I can get rid of the error with exception handling but I was wondering if you had and idea of why it's not working in the first place.

JRC1995 commented 3 years ago

I haven't touched Tensorflow in a while. But wouldn't this be for loading a checkpoint?

saver.restore(sess, r'C:\Users\james\Desktop\Title Generation - SENG 6245\Dataset250K.csv')

It doesn't seem like normal Tensorflow checkpoint.

for i in range(0, len(val_batches_text)):

This is the first mention of val_batches_text that I found in the code. The issue seems to be that val_batches_text is completely empty that which your validation dataset is empty. Which would mean that the issue is probably somewhere outside this code snippet wherever you are preparing this val_batches_text.

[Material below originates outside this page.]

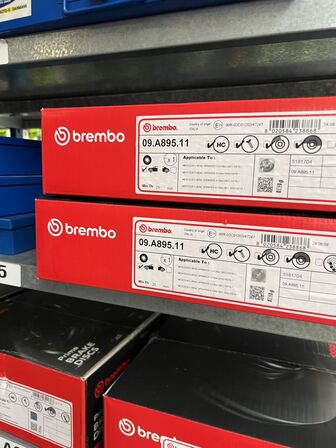 Varelager for 1.447.167,- ekskl. moms i kostpris samt alle lagerreoler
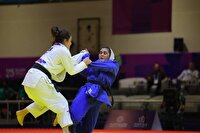 خاک‌خواه در جودو از کسب نشان بازماند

Where are you loading the datasets btw?

JamesTV1996 commented 3 years ago

I loaded a dataset that I cleaned from my own pc. I first ran my dataset through the preprocessing program you have posted as well. For my project, I was trying to adapt your implementation so that I can generate a title based off the description of the given problem. I assume this would work for this application. The dataset I used was originally downloaded from the StackOverflow dataset found on Google Cloud API.

JRC1995 commented 3 years ago

It should work, but the main error seems to be that len(val_batches_text) is 0. That means the source of the bug is in the code snippet where val_batches_text is being created. For some reason no data is being loaded. If you are using my pre-processing, it has some heavy filters. Is it possible that no data is passing through the filters when you are you preprocessing your dataset?

vasanthaganesh commented 2 years ago

I've tried what you said in the last comment but the data set is not loading and it return the error as the zero division. We are using your pre-processing, so please help me to reduce the heavy filter.

JRC1995 commented 2 years ago

Probably you have to figure out what max length/min length are suitable for your dataset: https://github.com/JRC1995/Abstractive-Summarization/blob/master/Data_Pre-Processing.ipynb You have to probably change them: "text_max_len = 500 text_min_len = 25 summary_max_len = 30"

vasanthaganesh commented 2 years ago

image

I have changed the max length/min length values as you said, but it gives the error, how can I rectify this error. I have used only the dataset reviews.csv with 50000 lines.